Comment ça, comparez les victimes du massacre du 7 octobre avec des victimes collatérales d'un exercice du droit de légitime défense ? Mais vous n'y pensez pas ! Ce serait comparer le condamné à la peine de mort et sa victime. Ben mince, c'est un Etat qui a prononcé la sentence non ? Exécution !

Et si cela ne suffit pas, on marche et on compte les marcheuses et marcheurs. Honte à celui ou celle qui a mal aux pieds, comme on aurait mal à son humanité.
Oui, ces gens là... Comment donc, mais vous pensiez que je parlais des Juifs ? Quelle erreur là encore. Les stéréotypes vous font perdre la raison. Pourquoi devrais-je reprendre à mon compte l'essentialisation, l'assignation à résidence, d'une communauté culturelle ou religieuse ? N'est-ce pas là justement une des racines de l'antisémitisme ?

Pourquoi diable en appeler à l'identité lorsqu'il s'agit de pleurer ensemble les victimes des assassins du Hamas et refuser ensuite d'écouter celles et ceux qui disent "pas en mon nom", lorsqu'ils, elles, voient les images d'enfants morts de Gaza ? Juifs indifférenciés un jour et ennemis d'Israël le lendemain ?

Des Juifs demandent un cessez le feu à Gaza ? Chuuut, la raison vous égare. Qu'ils, elles, viennent donc marcher, ça leur changera les idées.

Le Bien, le Mal, le Mâle aussi.

La bête immonde est au féminin, mais ses porteurs eux, portent fièrement les valeurs virilistes de la vengeance et de la guerre. C'est ce qui décida du 7 octobre et qui se poursuivit dans un "c'est eux qui ont commencé", ce qui d'ailleurs est aussi un mensonge historique. Mais me voilà dans l'apologie du terrorisme, du coup. Faut pas expliquer, sinon c'est excuser. Pourtant je l'ai fait dans un précédent article.

Le gouvernement israélien lui ne compte pas, par contre. Il fait des multiplications et en oublie les retenues, ces otages qu'il porte en bouclier. Seules deux choses le retiennent de gazer les tunnels de Gaza : les familles et leur obstination à faire libérer leurs enfants, et la référence, malvenue. Mais, pour Bibi, restaurer l'image d'invincibilité d'Israël mérite bien qu'on fasse des sacrifices, sans doute, pendant qu'on éradique et qu'on tue.

Et je ne vais pas paraphraser un Rony Brauman qui dit que la meilleure façon de lutter contre l'antisémitisme, c'est une "manifestation pour la paix et contre toutes formes de racisme". Et je ne suis pas un pacifiste bêlant.

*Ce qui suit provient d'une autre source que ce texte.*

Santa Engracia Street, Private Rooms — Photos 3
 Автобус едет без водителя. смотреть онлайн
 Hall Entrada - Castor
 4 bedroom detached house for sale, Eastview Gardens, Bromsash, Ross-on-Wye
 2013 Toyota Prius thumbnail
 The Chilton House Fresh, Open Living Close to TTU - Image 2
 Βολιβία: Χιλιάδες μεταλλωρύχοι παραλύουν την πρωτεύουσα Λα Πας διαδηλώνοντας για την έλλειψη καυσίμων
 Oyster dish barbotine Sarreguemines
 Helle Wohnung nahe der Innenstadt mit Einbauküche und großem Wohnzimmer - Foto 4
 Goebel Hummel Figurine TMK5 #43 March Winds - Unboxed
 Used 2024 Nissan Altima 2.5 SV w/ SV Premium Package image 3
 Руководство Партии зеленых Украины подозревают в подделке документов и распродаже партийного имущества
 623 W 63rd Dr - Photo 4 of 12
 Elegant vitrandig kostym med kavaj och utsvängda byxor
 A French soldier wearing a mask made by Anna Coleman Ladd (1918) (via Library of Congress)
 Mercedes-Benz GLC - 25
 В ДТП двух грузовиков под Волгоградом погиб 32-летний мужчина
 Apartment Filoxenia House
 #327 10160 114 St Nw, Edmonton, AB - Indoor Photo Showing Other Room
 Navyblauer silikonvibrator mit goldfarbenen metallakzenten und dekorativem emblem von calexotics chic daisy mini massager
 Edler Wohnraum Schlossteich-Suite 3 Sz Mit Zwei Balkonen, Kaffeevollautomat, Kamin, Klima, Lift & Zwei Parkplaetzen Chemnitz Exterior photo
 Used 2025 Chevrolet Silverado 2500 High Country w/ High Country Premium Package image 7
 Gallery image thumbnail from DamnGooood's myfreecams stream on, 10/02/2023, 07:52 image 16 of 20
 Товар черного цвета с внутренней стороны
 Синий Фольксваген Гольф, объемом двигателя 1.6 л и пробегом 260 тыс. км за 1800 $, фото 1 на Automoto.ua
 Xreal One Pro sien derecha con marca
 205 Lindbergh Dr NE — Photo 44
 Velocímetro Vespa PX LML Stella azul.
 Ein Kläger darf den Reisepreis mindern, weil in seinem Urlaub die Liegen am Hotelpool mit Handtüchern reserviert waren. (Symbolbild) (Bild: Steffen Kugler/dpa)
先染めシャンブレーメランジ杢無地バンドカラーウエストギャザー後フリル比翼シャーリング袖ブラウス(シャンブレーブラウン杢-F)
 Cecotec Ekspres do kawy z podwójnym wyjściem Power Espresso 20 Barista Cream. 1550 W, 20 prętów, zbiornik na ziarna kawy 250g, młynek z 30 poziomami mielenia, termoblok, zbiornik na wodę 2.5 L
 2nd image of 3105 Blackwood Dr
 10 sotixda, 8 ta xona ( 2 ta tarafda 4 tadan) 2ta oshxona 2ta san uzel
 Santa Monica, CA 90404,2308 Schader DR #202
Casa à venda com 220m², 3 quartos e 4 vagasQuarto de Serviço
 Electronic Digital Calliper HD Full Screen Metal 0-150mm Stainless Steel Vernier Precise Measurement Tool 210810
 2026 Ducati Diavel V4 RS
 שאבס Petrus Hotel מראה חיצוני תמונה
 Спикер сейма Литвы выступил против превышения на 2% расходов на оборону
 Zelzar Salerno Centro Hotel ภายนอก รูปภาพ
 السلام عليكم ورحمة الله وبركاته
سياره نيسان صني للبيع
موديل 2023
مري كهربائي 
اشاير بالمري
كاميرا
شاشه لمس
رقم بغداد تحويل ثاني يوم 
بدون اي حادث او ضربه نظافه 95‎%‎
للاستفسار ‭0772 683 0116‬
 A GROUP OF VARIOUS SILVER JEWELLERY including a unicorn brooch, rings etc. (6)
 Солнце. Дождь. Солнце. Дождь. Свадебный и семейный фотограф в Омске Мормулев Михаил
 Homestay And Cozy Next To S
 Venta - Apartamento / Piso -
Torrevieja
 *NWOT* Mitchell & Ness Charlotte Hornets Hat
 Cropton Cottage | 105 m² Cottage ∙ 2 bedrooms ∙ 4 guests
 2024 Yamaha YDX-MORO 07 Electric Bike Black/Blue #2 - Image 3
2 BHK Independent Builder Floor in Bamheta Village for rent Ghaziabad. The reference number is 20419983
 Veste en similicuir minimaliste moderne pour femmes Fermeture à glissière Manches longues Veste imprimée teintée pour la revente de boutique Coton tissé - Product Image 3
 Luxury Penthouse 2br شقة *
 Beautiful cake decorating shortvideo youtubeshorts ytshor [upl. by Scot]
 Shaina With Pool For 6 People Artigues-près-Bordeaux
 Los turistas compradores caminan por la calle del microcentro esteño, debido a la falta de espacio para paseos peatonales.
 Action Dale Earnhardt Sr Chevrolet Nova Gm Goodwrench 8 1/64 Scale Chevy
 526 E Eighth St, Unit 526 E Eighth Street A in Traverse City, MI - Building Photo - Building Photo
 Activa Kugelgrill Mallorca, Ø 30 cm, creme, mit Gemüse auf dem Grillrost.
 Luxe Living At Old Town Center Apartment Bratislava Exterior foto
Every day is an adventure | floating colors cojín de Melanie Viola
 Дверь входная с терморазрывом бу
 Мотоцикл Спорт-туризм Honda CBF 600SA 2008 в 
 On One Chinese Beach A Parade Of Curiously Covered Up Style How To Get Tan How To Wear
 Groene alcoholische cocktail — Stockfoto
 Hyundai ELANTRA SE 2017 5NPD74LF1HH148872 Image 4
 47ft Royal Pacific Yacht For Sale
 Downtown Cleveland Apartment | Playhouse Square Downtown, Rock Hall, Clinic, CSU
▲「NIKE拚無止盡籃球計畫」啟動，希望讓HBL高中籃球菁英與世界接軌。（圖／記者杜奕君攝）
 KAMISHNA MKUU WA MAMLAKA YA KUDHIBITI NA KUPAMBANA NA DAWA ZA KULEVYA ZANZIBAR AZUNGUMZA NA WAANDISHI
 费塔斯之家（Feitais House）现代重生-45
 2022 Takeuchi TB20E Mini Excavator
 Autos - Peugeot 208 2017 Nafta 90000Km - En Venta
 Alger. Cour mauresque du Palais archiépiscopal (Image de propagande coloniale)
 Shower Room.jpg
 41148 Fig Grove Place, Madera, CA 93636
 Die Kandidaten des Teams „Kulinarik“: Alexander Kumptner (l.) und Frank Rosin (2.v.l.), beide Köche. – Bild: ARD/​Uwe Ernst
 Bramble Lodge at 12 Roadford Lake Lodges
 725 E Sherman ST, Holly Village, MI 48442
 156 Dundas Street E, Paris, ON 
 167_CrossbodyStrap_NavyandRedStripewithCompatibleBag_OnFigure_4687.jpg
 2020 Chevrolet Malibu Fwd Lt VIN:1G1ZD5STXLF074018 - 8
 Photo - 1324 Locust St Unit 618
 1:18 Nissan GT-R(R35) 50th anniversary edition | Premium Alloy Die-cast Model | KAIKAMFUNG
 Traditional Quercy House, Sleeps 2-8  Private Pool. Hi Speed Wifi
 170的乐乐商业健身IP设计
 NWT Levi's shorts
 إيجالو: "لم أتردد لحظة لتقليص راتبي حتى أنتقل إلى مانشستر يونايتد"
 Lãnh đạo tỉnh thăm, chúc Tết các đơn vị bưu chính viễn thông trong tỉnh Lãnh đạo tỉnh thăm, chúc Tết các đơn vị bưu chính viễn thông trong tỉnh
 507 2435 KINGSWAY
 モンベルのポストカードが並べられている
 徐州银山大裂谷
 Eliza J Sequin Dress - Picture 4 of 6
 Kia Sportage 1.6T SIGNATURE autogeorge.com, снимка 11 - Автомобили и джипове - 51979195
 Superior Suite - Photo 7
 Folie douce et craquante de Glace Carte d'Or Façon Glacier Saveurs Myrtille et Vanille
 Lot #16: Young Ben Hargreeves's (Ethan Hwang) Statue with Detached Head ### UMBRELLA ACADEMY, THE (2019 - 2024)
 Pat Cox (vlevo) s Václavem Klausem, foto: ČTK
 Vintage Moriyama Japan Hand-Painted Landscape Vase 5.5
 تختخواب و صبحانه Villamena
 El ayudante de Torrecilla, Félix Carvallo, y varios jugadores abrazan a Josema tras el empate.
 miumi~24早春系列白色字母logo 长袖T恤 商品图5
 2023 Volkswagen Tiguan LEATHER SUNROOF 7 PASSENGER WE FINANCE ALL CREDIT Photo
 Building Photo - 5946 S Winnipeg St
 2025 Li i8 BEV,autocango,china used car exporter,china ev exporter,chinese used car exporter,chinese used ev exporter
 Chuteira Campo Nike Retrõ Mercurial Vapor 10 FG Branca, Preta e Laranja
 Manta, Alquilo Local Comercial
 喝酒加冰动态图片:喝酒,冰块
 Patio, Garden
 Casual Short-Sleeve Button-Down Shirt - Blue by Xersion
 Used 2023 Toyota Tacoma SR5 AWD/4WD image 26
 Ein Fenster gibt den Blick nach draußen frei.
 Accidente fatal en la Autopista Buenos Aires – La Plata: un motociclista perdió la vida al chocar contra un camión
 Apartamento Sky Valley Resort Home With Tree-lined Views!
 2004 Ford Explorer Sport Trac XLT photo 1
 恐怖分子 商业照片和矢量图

Mais dire que le massacre doit s'arrêter là bas, qu'un cessez le feu doit intervenir, et qu'ici toutes formes de racisme doivent disparaître, c'est un minimum vital. Et je veux bien pour cela acheter des chaussures neuves.

Je veux terminer en parlant un peu du barnum politicien dont se régale le petit monde médiatique.

Le Juif est devenu "fashion". Quiconque n'évoque pas une ou un ami juif est regardé d'un sale oeil.

Et même ceux qui n'en avaient pas en adoptent, d'un coup. Après tout, Bibi avait bien des amis arabes non ? Celui ou celle qui s'y retrouve dans ce brouillard peut me faire signe. Mussolini devient républicain, le dénonciateur du Juif d'hier devient Juste, le raciste raccord avec Bibi, l'eau se transforme en vin et la bête immonde s'en enivre.

On ne saura jamais si, en changeant quelques mots dans un communiqué à minima politiquement débile, le 7 octobre, une certaine gauche aurait pu apporter sa lanterne ensuite dans le brouillard. C'est trop tard. Mais ce que j'en comprends, c'est qu'autour d'un flou artistique sur l'antisémitisme, chacun pense engranger un capital électoral, pour l'hiver qui s'annonce. La Rance vire à droite toute, à la recherche de ses bas instincts, et il faut avoir désormais à son programme philo sémitisme, anti immigration et laïcité de combat. La marche du siècle.

Finalement, j'ai marché quand même, sur un fil.